── EXTRACTED INFORMATION ──
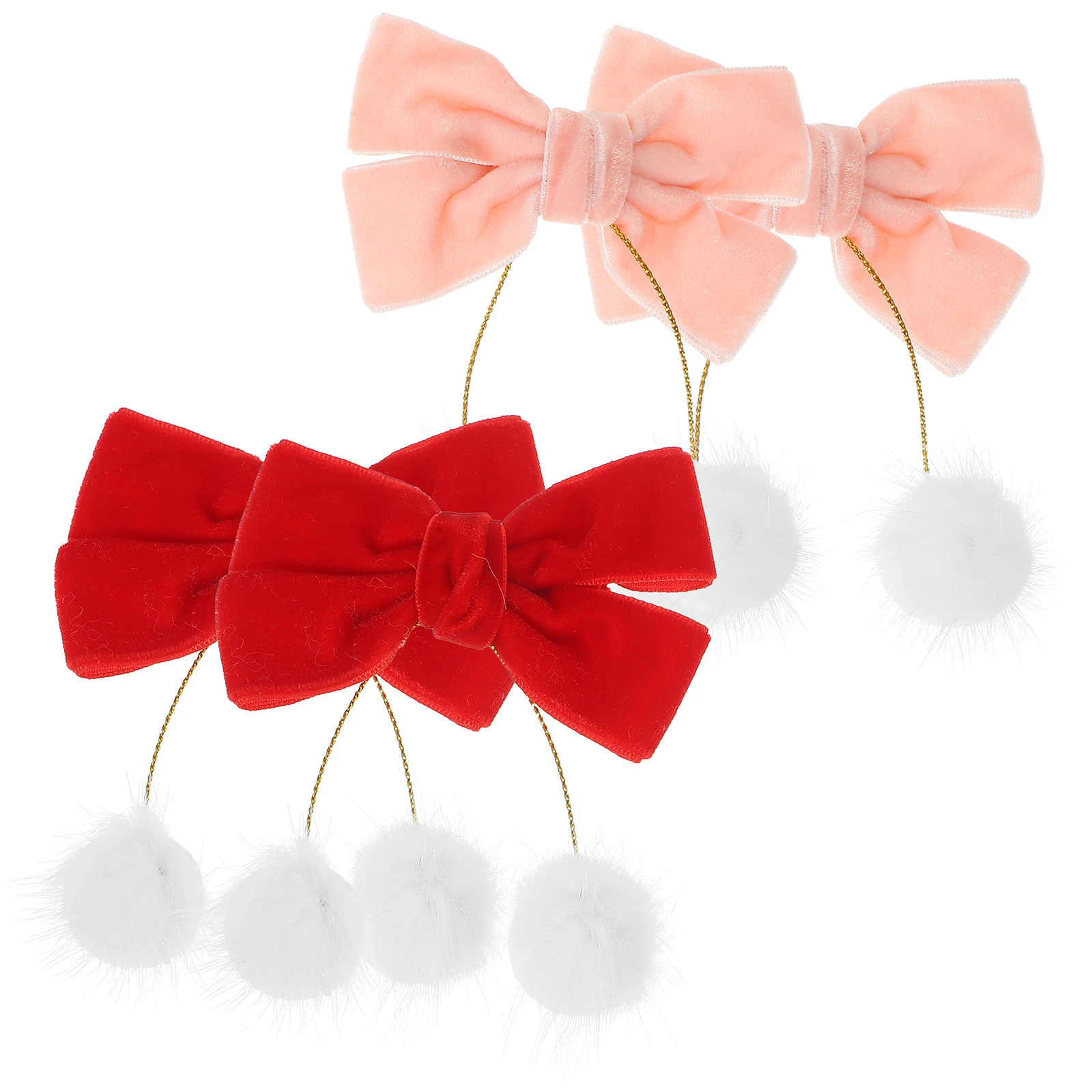 

Velvet Hair Clips Furry Ball Bows Christmas Accessories for Girls Women Red Pink Color Hairpin Styling Aid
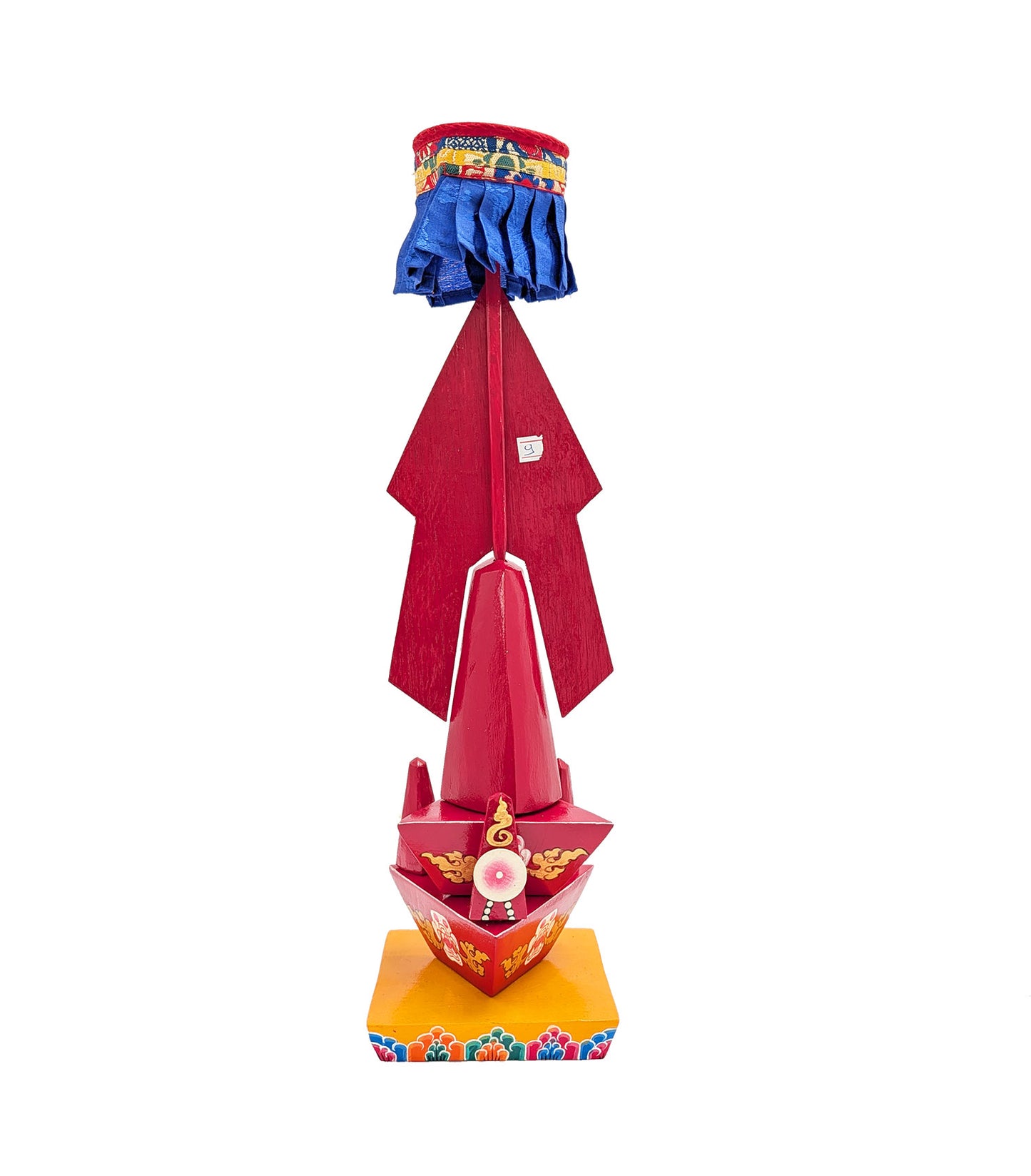 Painted Wooden Troma Torma 16.75"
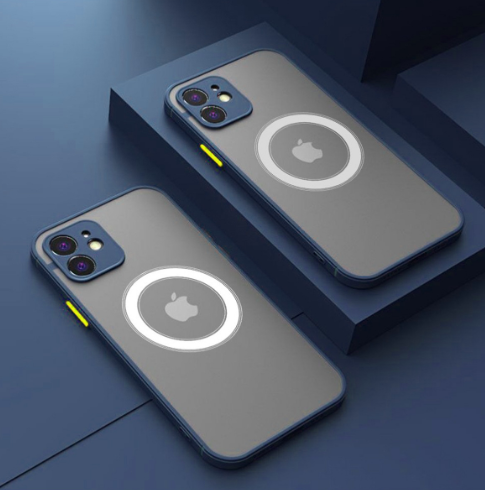 Blue matte magnetic iPhone case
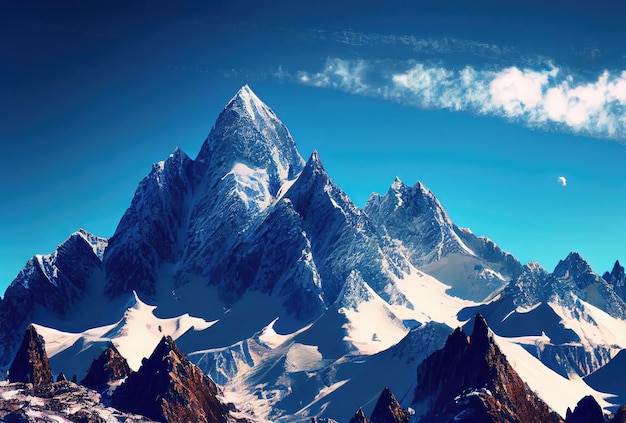 Fantásticos picos de montanha com neve no topo Paisagem pitoresca com Alpes Generative Ai Art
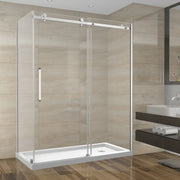60" x 32" x 75" Chrome Square Hardware Sliding Shower Door Set - 2-Wall Corner Setup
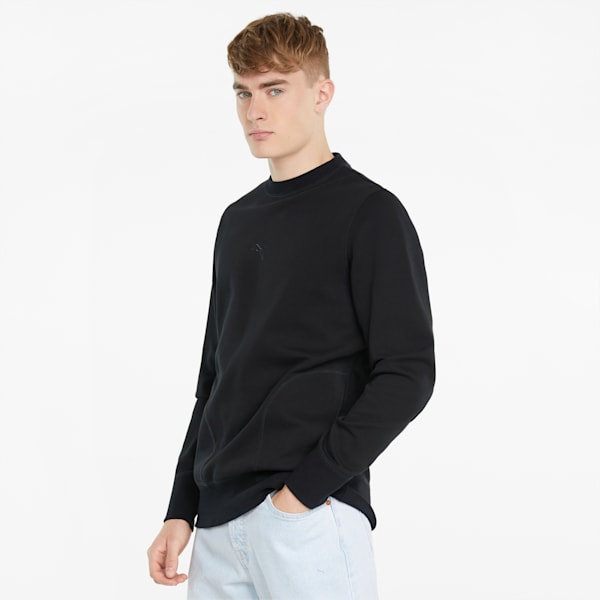 JTS Crew Regular Fit Men's Sweat Shirt, Puma Black, extralarge-IND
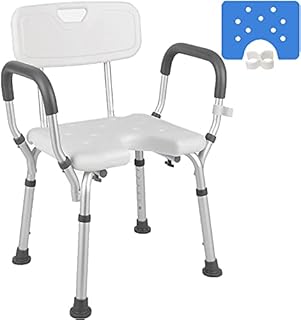 DECTRII Shower Chair with Padded Armrests and Back, Heavy Duty Shower Bath Seat for Handicap, Disabled, Seniors & Elderly, Supports Up to 300 lbs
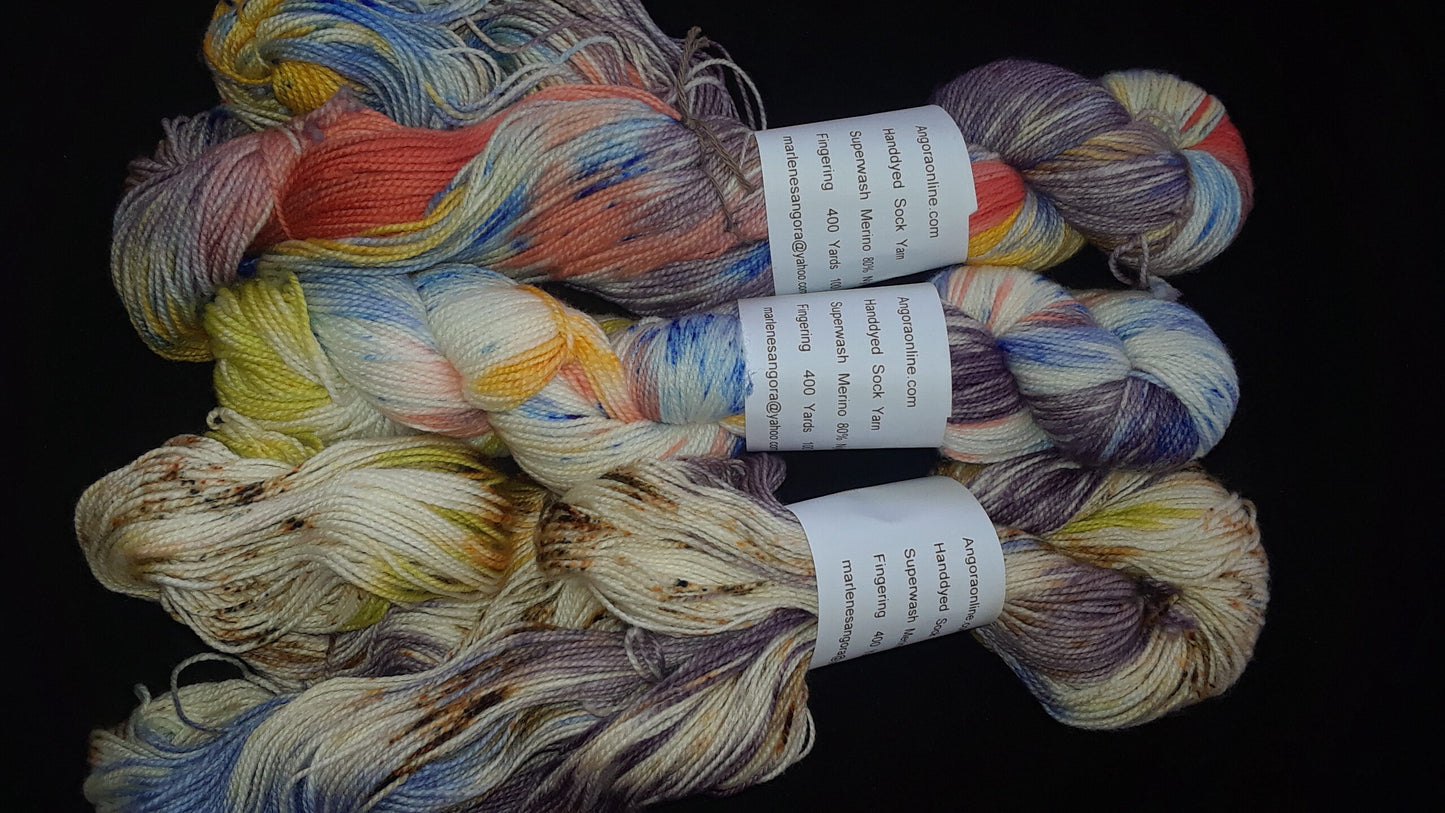 Hand dyed Variegated and Speckled Sock Fingering Weight Yarn image 0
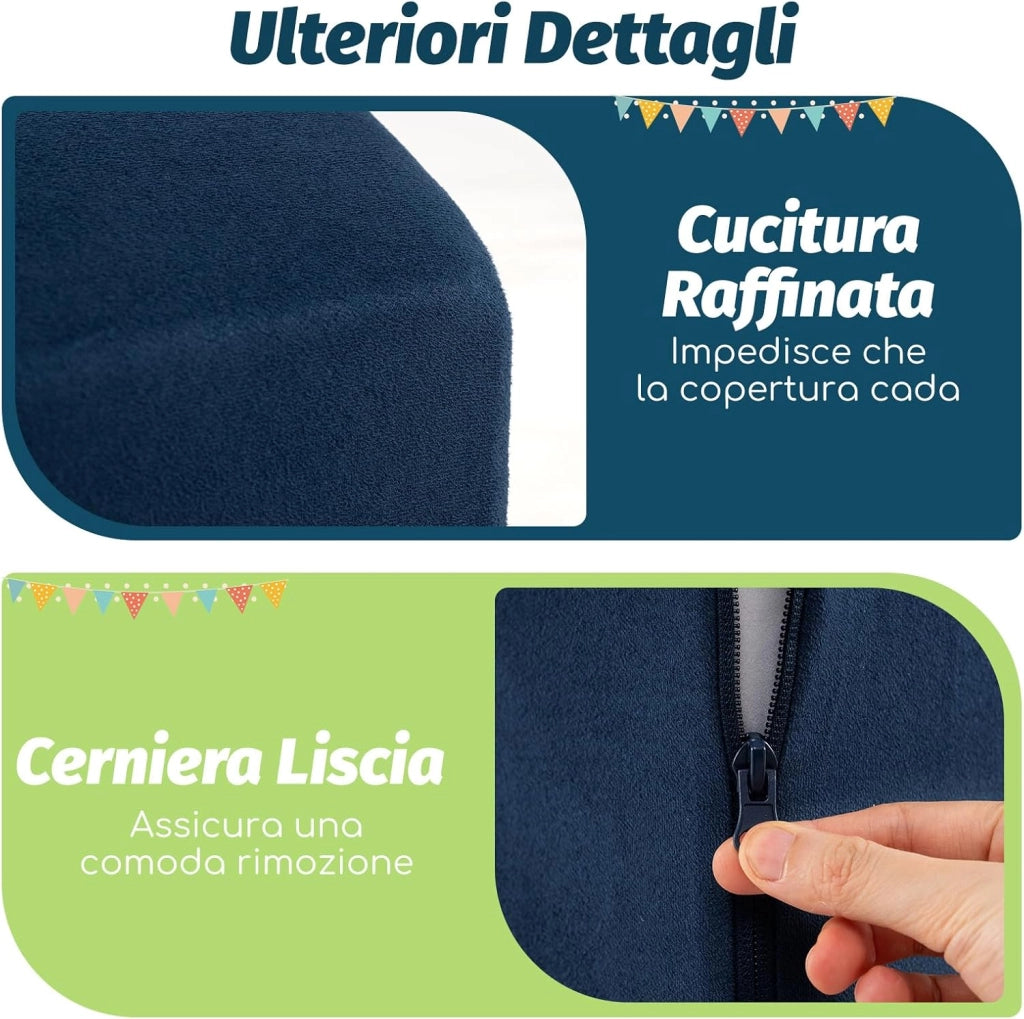 Set di 5 Pezzi Gioco in Schiuma, Blocchi con Piscina di Palline per Bambini, Coperture Lavabili con Cerniere, Blocchi Creativi per Stanza di Giocattoli, Camera da Letto (Navy)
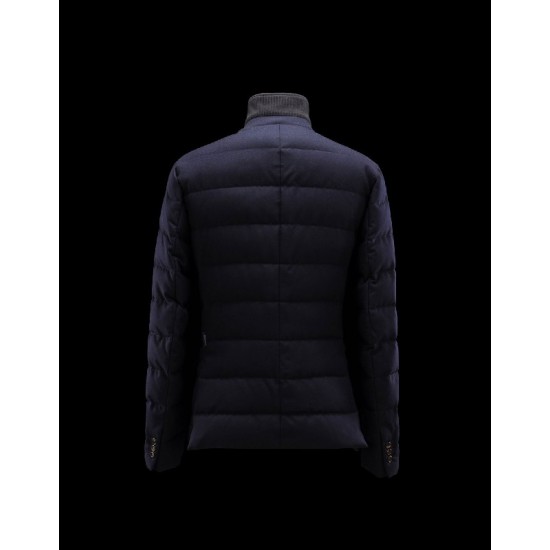 Moncler Rodin Blue Jackets Flannel Wool Mens 41224663SI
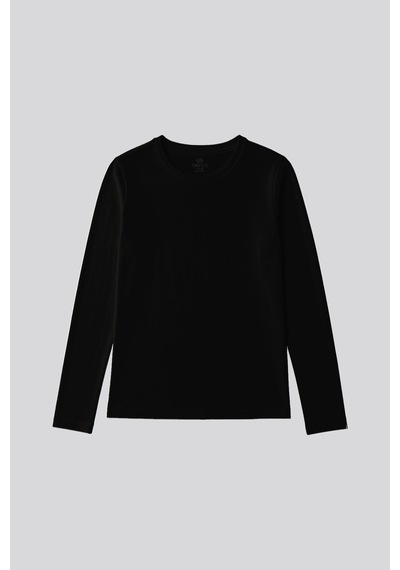 Siyah O Yaka Standart Fit Uzun Kollu Basic Kadın T-shirt - 97312 SIYAH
───
BRIEF
Omit the pictures, then extract verbatim only those lines that fall between the line containing "JTS Crew Regular" and the final line of the records above, both included.

EXERCISE RESPONSE
 JTS Crew Regular Fit Men's Sweat Shirt, Puma Black, extralarge-IND
 DECTRII Shower Chair with Padded Armrests and Back, Heavy Duty Shower Bath Seat for Handicap, Disabled, Seniors & Elderly, Supports Up to 300 lbs
 Hand dyed Variegated and Speckled Sock Fingering Weight Yarn image 0
 Set di 5 Pezzi Gioco in Schiuma, Blocchi con Piscina di Palline per Bambini, Coperture Lavabili con Cerniere, Blocchi Creativi per Stanza di Giocattoli, Camera da Letto (Navy)
 Moncler Rodin Blue Jackets Flannel Wool Mens 41224663SI
 Siyah O Yaka Standart Fit Uzun Kollu Basic Kadın T-shirt - 97312 SIYAH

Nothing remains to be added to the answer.